Thursday, February 16, 2012

The Toad Lily

Okay I want to start this off by saying I have yet to plant this little beauty, but it is one of the first plants to go in my somewhat ravaged garden this spring. It will need some shade, moist rich soil and yes, some water, perhaps I will use gray water since that may be all I have...due to the drought....But  we cannot let a little thing like the biblical proportion type drought stop us committed gardeners.

Many feel we should be committed but that is a whole "nouther" story. While sifting through articles about the infamous Toad Lily I found a really good one from a retired extension horticulturist in Arkansas, so I will include it  a little later on. The "Toad" will over winter as far North as Chicago....and yes I have readers that far North, only God knows why.......So, let us learn together....

Now would it not be great to have this cool little plant growing and blooming in our garden, and during one of our "Wine and Cheese Parties",  we casually proclaim to it's admirers "Oh Yes, that is my Toad Lily, very sought after in it's native Asia" . Of course I don't know if wine from a box and string cheese in plastic tubes is "haute cuisine". Oh Well, enjoy the pictures and the article.



Toadlily, Tricyrtis hirta, is one of a dozen species of Asian herbs of the lily family that are found in the Himalayas, China and Japan.

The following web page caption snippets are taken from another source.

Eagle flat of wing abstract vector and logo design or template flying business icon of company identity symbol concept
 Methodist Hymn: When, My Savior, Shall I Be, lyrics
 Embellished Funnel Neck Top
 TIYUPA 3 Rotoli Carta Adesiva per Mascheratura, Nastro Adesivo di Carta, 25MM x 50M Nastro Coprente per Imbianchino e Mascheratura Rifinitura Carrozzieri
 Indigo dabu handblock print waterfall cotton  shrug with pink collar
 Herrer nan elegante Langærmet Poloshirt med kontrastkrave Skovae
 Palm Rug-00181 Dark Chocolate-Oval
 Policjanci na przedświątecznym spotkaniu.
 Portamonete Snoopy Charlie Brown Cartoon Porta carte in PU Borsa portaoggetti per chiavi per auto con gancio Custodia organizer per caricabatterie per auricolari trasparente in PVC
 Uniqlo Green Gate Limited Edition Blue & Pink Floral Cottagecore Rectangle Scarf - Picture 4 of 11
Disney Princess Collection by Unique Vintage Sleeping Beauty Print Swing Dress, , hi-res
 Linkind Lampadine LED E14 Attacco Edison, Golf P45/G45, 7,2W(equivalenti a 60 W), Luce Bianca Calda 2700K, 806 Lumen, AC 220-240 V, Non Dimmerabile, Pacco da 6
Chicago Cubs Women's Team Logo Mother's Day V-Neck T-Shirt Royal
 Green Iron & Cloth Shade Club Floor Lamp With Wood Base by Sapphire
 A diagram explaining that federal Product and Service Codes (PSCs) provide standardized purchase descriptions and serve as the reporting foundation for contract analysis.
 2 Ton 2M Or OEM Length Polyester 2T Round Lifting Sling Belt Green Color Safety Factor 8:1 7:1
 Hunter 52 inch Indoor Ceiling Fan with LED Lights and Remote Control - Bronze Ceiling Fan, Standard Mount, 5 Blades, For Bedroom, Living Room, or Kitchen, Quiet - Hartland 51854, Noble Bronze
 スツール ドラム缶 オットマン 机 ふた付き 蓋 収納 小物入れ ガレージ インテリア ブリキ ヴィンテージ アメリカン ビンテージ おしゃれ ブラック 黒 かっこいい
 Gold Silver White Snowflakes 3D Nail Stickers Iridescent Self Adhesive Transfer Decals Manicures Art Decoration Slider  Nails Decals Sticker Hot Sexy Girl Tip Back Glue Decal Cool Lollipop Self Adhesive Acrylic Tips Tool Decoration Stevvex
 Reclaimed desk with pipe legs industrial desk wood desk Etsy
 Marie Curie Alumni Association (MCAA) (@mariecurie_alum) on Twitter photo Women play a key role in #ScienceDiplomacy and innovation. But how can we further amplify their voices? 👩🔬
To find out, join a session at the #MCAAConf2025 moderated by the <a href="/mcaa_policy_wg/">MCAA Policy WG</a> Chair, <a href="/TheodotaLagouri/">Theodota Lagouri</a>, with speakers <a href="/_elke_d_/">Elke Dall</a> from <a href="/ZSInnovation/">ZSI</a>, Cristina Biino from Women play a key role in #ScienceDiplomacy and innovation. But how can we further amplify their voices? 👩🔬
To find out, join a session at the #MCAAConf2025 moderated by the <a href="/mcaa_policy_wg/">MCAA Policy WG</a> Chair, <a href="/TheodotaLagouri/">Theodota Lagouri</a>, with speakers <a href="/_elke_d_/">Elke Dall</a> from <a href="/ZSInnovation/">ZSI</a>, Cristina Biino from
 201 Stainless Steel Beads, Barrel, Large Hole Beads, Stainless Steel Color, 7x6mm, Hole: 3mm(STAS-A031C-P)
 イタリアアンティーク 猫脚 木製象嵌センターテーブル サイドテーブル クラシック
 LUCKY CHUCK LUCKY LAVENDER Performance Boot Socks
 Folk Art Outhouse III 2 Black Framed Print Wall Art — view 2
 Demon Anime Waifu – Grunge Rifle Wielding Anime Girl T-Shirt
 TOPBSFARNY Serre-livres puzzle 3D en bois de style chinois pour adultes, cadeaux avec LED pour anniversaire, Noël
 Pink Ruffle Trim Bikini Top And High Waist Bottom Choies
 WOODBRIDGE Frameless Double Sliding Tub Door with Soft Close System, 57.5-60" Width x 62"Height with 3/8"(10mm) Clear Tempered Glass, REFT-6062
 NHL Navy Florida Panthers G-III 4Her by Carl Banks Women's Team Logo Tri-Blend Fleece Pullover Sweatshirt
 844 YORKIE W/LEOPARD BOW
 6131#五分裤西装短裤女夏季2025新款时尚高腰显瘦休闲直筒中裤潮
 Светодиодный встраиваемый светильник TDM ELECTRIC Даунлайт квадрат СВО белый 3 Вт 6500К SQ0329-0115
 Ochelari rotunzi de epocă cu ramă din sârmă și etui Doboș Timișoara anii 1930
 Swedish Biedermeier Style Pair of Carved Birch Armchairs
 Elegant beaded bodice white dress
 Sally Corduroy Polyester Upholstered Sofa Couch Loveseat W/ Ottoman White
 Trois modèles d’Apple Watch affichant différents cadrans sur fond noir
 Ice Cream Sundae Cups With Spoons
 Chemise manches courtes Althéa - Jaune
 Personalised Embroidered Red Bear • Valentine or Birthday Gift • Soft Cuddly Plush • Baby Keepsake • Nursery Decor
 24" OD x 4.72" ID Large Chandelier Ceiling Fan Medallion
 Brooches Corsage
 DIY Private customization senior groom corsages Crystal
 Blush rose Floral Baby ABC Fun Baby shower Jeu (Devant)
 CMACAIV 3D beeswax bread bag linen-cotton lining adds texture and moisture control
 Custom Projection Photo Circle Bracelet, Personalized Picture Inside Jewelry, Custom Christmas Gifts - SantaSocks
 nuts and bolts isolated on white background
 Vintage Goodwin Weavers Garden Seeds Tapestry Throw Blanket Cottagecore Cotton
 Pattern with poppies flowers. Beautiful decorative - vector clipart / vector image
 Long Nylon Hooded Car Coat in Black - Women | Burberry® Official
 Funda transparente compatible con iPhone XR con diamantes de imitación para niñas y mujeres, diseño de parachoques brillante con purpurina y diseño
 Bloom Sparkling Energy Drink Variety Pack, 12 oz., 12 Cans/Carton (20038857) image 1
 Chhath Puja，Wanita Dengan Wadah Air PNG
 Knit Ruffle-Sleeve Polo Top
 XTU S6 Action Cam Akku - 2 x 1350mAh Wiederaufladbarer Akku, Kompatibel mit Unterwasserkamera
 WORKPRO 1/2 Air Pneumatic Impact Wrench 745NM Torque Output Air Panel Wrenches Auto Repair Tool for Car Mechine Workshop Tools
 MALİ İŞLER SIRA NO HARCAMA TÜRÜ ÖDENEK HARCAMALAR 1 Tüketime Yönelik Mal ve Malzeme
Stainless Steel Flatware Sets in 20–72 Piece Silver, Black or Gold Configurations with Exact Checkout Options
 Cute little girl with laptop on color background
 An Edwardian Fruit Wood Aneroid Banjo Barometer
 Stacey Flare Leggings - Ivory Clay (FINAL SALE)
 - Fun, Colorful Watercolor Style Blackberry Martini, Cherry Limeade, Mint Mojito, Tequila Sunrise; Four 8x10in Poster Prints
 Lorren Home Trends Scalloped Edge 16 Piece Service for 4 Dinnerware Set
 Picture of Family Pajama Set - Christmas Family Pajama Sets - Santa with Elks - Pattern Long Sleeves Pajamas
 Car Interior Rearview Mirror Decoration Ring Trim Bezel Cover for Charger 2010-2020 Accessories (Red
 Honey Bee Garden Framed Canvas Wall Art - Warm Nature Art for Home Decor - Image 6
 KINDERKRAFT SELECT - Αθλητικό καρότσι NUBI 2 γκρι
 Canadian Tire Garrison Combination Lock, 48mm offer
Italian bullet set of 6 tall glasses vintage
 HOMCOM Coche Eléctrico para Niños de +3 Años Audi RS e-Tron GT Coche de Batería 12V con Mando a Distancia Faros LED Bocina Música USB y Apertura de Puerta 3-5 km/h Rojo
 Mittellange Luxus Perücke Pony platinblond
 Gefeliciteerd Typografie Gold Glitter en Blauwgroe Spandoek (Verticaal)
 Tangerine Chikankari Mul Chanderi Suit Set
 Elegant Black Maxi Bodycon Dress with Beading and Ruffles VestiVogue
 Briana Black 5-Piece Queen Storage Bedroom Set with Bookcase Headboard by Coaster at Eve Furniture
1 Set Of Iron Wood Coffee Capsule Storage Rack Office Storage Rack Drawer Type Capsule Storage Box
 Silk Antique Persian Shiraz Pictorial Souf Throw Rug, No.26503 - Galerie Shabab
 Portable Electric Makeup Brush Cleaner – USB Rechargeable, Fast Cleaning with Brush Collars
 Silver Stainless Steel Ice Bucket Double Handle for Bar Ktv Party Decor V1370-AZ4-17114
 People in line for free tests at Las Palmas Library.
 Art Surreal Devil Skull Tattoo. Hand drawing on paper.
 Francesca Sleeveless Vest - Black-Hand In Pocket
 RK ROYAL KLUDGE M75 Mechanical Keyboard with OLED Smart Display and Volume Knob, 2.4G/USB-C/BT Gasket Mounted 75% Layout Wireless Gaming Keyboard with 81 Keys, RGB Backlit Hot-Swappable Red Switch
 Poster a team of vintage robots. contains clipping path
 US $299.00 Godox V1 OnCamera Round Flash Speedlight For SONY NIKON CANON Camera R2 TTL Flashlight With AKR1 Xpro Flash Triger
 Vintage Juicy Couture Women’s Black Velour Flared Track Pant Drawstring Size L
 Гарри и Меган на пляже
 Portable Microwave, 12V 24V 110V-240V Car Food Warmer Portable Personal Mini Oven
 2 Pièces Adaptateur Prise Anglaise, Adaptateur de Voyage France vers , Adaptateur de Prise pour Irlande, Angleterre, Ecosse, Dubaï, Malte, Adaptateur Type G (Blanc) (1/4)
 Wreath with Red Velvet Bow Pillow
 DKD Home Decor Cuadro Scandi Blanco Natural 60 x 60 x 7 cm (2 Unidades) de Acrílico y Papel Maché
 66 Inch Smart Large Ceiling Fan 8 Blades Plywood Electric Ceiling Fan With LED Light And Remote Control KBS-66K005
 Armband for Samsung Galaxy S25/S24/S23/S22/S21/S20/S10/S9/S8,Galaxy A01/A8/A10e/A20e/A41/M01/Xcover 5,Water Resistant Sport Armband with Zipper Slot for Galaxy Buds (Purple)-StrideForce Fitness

This species grows 2-3 feet tall with gracefully arching stems arising from an underground root system. It has 4-inch long clasping leaves that are covered with a coat of fine hairs, hence the species name, which means "hairy."


A variegated form is available with each leaf delicately edged with an eighth-inch halo of yellow.

The genus name Tricyrtis is from Latin and translates as "three convexities." It refers to the three match-head sized swollen nectary glands at the base of each flower. The flowers are borne singly along the stem, where each of the alternate leaves attaches to the stem.

Established toadlilies may have as many as two dozen of these 2-inch wide flowers splayed out along the stem when they come into bloom in early October.

Individual toadlily blooms have six petals that are splattered with brownish purple blobs on a white background, giving an overall lavender effect. It’s from these spots that some English gardener made the connection with toads and burdened the lovely plant with its unfortunate moniker.

Above the petals, the anthers extend outward and surround the three-branched stigma, giving the sexual part of the flower the look of the octopus ride at the county fair, but of course somewhat smaller. If pollination occurs early enough before frost, an erect capsule will form.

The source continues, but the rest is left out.